Do you think that you should have been required to submit a
report to the Attorney General at the conclusion of your
investigation explaining the prosecutions or the decision not
Mr. Fitzgerald. I have already answered this, so I can tell
you I was not required to by--there was no statute in effect--
and I think in terms of if you are asking submitting a report
to the Attorney General, the Attorney General was recused and
because a charge resulted, I think people learned a fair amount
about what we did; they didn't learn everything.
But if you are talking about a public report, that was not
provided for, and I actually believe and I have said it before,
I think that is appropriate. I think that when a grand jury is
used in an investigation, as it was in that case, we both
expect everyone to come forward and cooperate with the grand
jury, we expect them to be fully candid, and in fact, that is
what led to a prosecution, when someone lied under oath to the
grand jury. But we owe it back to people to respect the secrecy
of the grand jury, and you can't tell people, ``Come into the
grand jury, it will remain secret,'' and then later, when
people want you to explain what it is that you did, pull back
the cloak of secrecy.
I think we have to--when we go down that road, we have to
follow through the rules. So we did not reveal anything that
had not otherwise been revealed. So I don't think a public
report was allowed, and I don't think it should have been
Ms. Sanchez. Do you think a report to Congress is something
that would be prudent in order to increase transparency, or do
you think that that would be a bad idea as well?

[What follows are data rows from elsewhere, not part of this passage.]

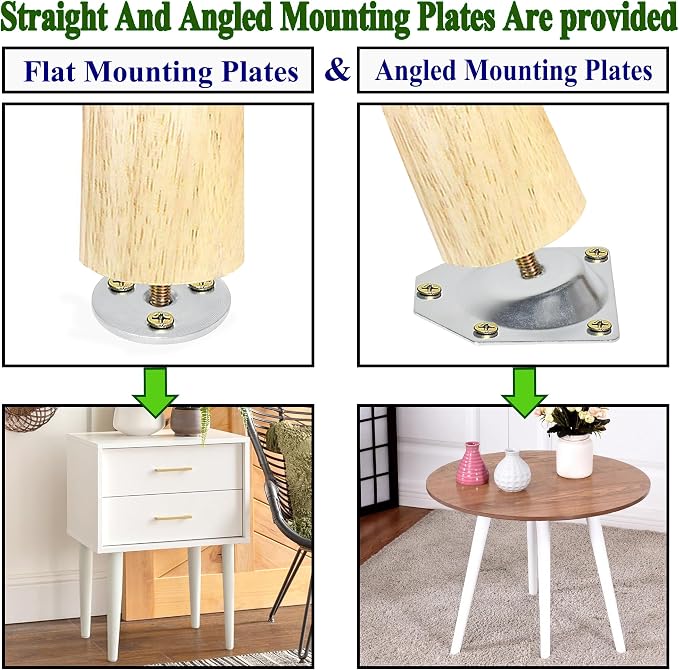 Table Legs 16 inch Wood Furniture Legs for Coffee Table End Table Mid-Century Modern DIY Furniture Tapered Natural Threaded M8 Hanger Bolts Pack of 4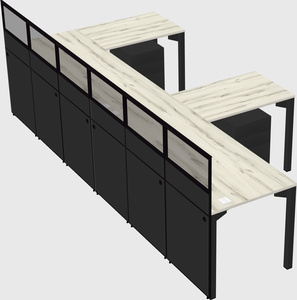 Shared l-shaped cubicle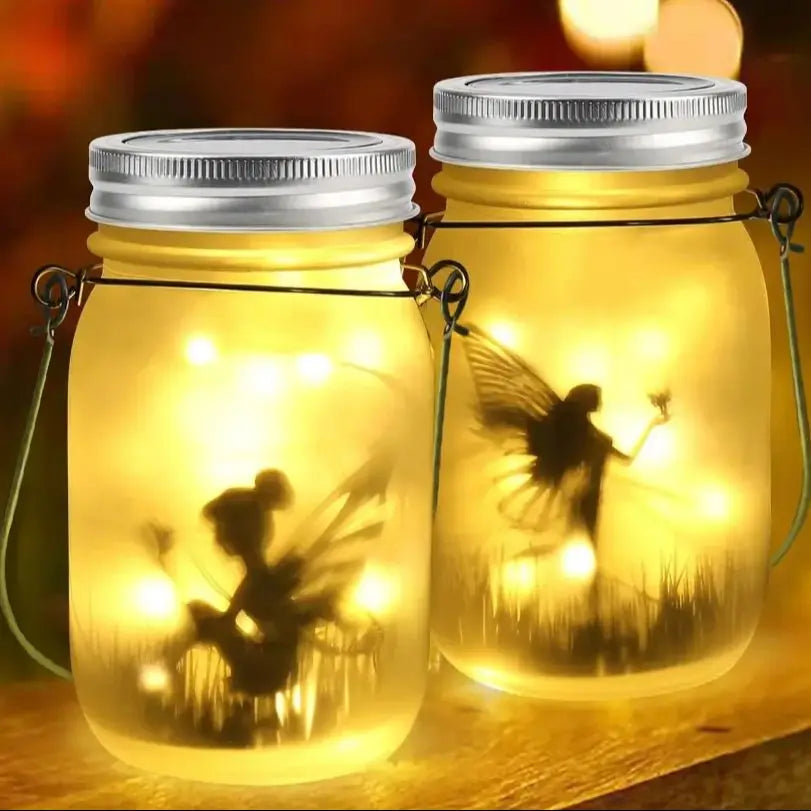 Enchanting Solar Fairy Lantern with LED Glow – Waterproof Frosted Glass Mason Jar Light for Outdoor Decor 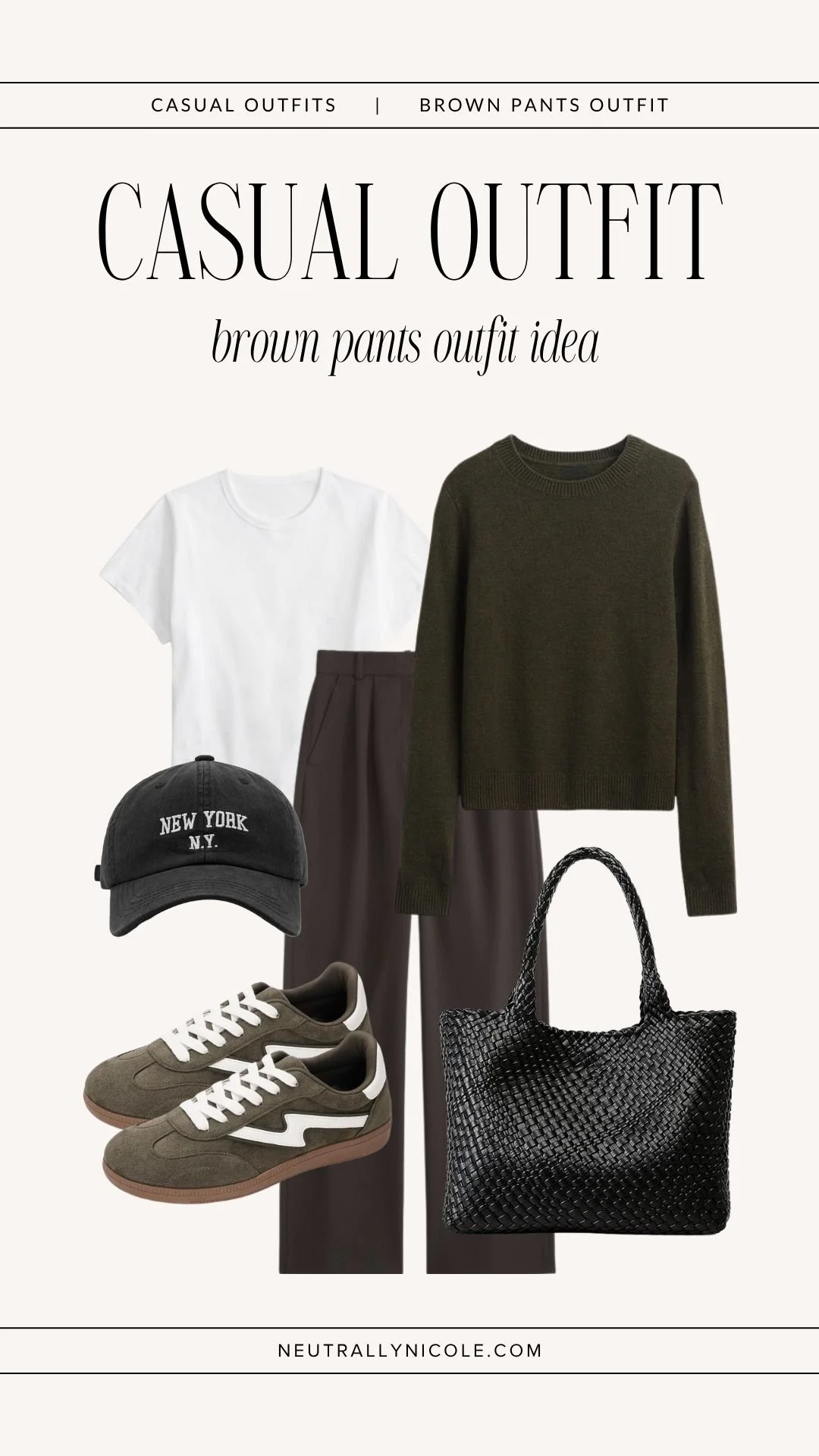 Dark brown pants outfit with an olive green sweater, white tee and casual olive sneakers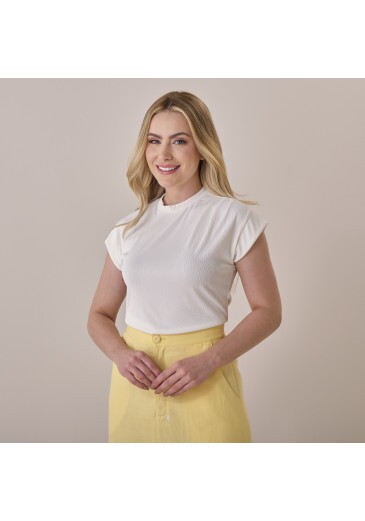 Blusa Flavia Malha Rib Off White Tata Martello Primavera/Verão 2026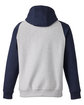 Team 365 Unisex Zone HydroSport™ Heavyweight Colorblock Hooded Sweatshirt ATH HT/ SP DK NV OFBack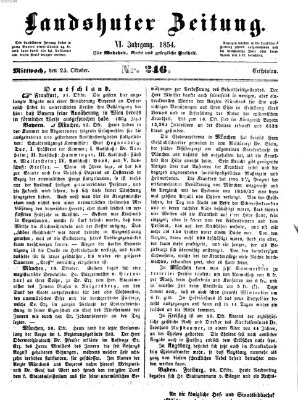 Landshuter Zeitung Mittwoch 25. Oktober 1854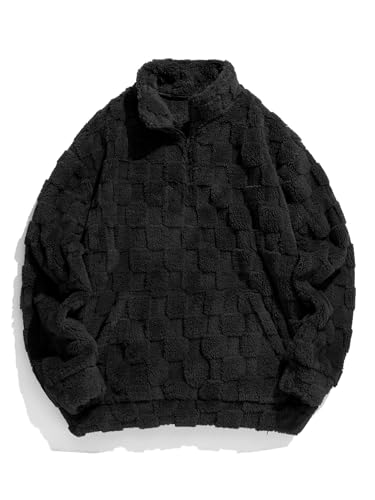 Image of ZAFUL Men 1 /4 Zipper Sweatshirt Ethnic Aztec Printed Kangaroo Pocket Fall Winter Pullovers Jacket Unisex Hoodie Tops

Mr. Fitzgerald. Well, I don't want to speak outside my lane
again. I fully recognize that the Congress has an appropriate
role to play in oversight. I also recognize that the executive
branch has to have space within which it can do business and
confer amongst itself. And I also think there has to be an
ability for prosecutors to make prosecutive decisions knowing
that the discussion stays behind closed doors, and also knowing
that the grand jury rules, which prohibit sharing of grand jury
information that is not otherwise public, are not violated. So
I see the concerns on both sides.
I know, just from my narrow point of view, we can't break
the grand jury rules and do something that is not authorized.
As to the larger tension between the executive branch's
independence and confidentiality and the Congress' right to
conduct oversight, I think I should not be the spokesperson for
Ms. Sanchez. Okay, thank you. My time has expired. At this
time I will recognize Mr. Cannon for 5 minutes of questions.
Mr. Cannon. I am still puzzling over the Chair's
distinction between a public report and a report to Congress.
Ms. Sanchez. Well----
Mr. Cannon. Just in jest.
Ms. Sanchez. There is a theoretical separation, at least.
Mr. Cannon. At least one more door that the information has
to pass through, I suppose. I am intrigued by your testimony,
Mr. Fitzgerald, and I appreciate your forthrightness. I wanted
to have you talk, if you would, a little bit about the
distinction, or not, between being a special prosecutor and the
kind of prosecutions that happen every day in the Department of
Justice and in the various U.S. Attorney's Offices.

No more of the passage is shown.